Ever wondered what goes on behind the scenes at Girl Museum? What goes into making the online museum you know and love? Well look no further, because our team at Girl Museum have kindly offered to give us an insight into their lives and what they do to make the Girl Museum world go around…

So let’s start at the very beginning with the one and only Ashley E. Remer, our Head Hirl and Founder of Girl Museum…

 

Ashley E. Remer with a Turkish flag

Ashley E. Remer in Turkey

Where did the idea for Girl Museum come from? Has Girl Museum become what you first intended or has it evolved from the original vision?

Having always been a feminist and an advocate for children’s rights, Girl Museum seems like the logical trajectory of my life. The thought of Girl Museum itself was an evolution, alongside the development of the internet. I wanted to start my own company. I wanted to represent girls. I was an art historian and museum worker. By 2009, I had the necessary drive and felt the web would provide the best platform for delivering this odd idea I had about a virtual museum. And while Girl Museum has not strayed too far from my original vision, it is so much more than I could have dreamed of. Our community is so wonderful. I have been honored to work with all the great girls that have given their time to help build us into this great institution. I guess when I envisioned Girl Museum it was about the work I could do, but the best part has been the people I have met.

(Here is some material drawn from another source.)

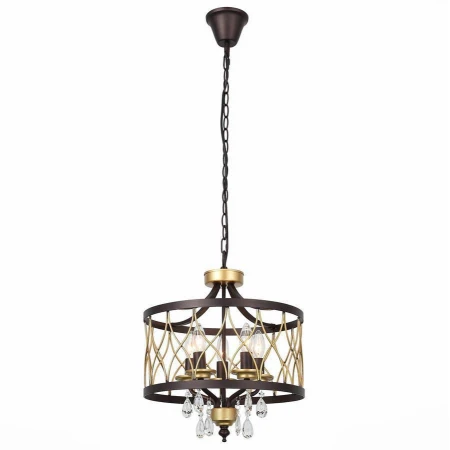 Светильник ST LUCE SL789.423.05 GRASSО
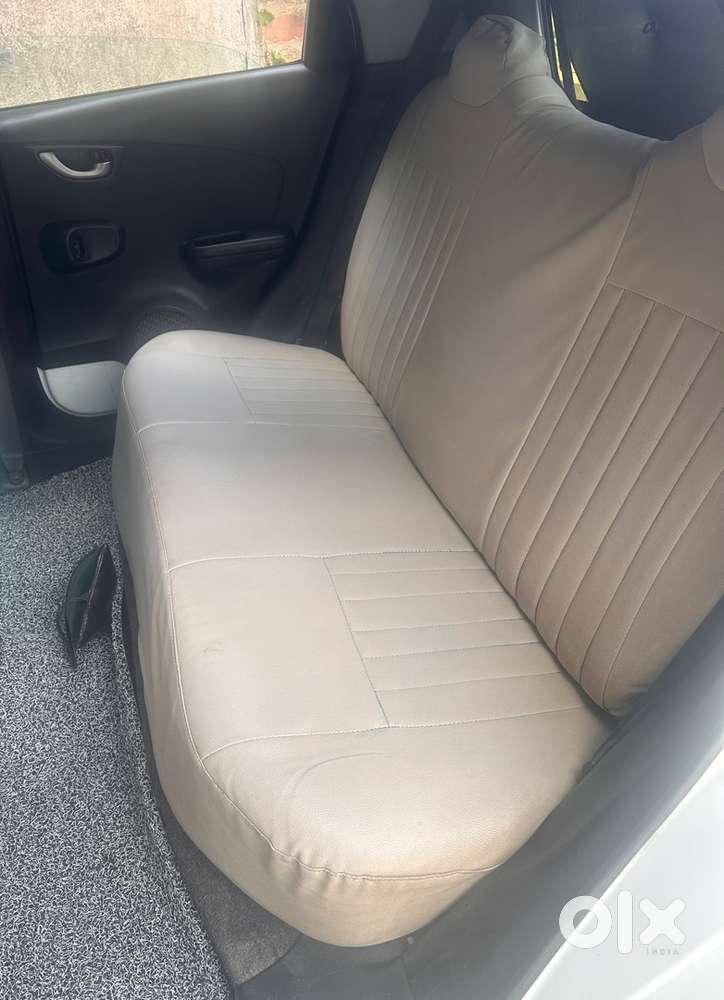 Honda Brio Vx Mt 2018 Model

Why and how can a museum about girlhood help empower women?

It is our responsibility to represent girls and girlhood, to celebrate and make their lives important. Girls have been unimportant for millennia because unless they were of value to a man (a king or merchant), they were not even worthy of discussion. Girls of today become the women of tomorrow. Knowing and celebrating your history, who and what you have come from, gives girls a solid base to build their lives upon. So they are prepared to ask for equal pay and fair treatment and stand up for their rights and the rights of others not just to be heard, but also to be the ones speaking and leading from the front.

Would you define your institution as feminist? Why?

Yes. We are a feminist institution because our mission is to expose, analyse and advance representations of girls from throughout history. While there are MANY ways you can parse the term feminism, we take the view that feminism is about equality. So adding girls into a canon that has left them out is how we practice our feminism.

As Head Girl and Director of Girl Museum, what does a typical Girl Museum day look like for you?

SO many emails!!! I manage the back end of Girl Museum, along with help from the fantastic team. So this could be making sure the website is not down or compromised, dealing with cyberthreats, and fielding general inquiries. I also maintain communications with the team, make sure everyone is ok. Usually I work on 1 or more exhibitions or projects a day as well as planning.

Can you talk us through some of the other projects that you are, and have been, involved with in addition to your work at Girl Museum?

I wear several other hats besides Head Girl. My favorite of course is mother to my almost 3 year old son, Xander. He is a great reminder and prioritizer of the important things in life. And he is an opportunity for me to pass on my knowledge and experience to a son who will hopefully get closer to seeing a world of gender and racial equality. Another hat of mine is Creative Producer (or Executive Dreamer) at Dremer Productions. In this realm I help create and develop exhibitions outside of the girl focus at Girl Museum. My work has covered polar bears to bees, and rocket science to yacht racing.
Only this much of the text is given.